Ok, as expected the quotes are solely used to delimit arguments. But now let's use a variable as you did:

$ var="1 '2 b' 3"
$ args $var
1
'2
b'
3

Bash expands the variable and the function (or command) gets the quotes. That's not what you wanted, of course.

Solution1: Use eval to re-interpret quotes.

$ eval args $var
1
2 b
3

Solution2: Use an array and expand it with "${MYARRAY[@]}" as Dennis showed.

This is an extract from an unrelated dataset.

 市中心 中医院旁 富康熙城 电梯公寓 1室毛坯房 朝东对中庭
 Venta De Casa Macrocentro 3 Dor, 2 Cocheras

More ideas: a technique I've sometimes used is doing the eval outside:

$ eval "$(create_args_list VARNAME)"

In this case otherfun would return a string that, when evaled, would create a variable with name VARNAME (that can be even local). This variable (or variables, if needed) can be string or arrays. Again, I'd use an array so it can be easily used afterwards:

$ curl "${VARNAME[@]}"

Answer 2

This code works but it's not intended to use as-is. I'm posting it to give you some ideas for how you might proceed. They key to making what you want to do work is to use an array. Unfortunately, Bash can't return arrays from functions. What you probably ought to do is use a global array. The code below, however, creates a string out of a declare statement and passes that through your indirect variable. It's a seriously bad kludge.

#!/bin/bash
function create_arg_list
{
    # THIS HTTP HEADER VALUE COMES FROM THE USER and MAY CONTAIN SPACES
 local __hdr="x-madhurt-test:madh urt"
 local __params="http://google.co.in -X GET -H"
 __params=($__params "$__hdr")

 local __resultvar="$1"
 eval $__resultvar=$(printf "%q" "$(declare -p __params)")
 echo "params after eval : $__resultvar"
}

create_arg_list arg_list
echo "params after eval in main code : $arg_list"

echo "Running command : curl -v $arg_list"

eval $arg_list

curl -v "${__params[@]}"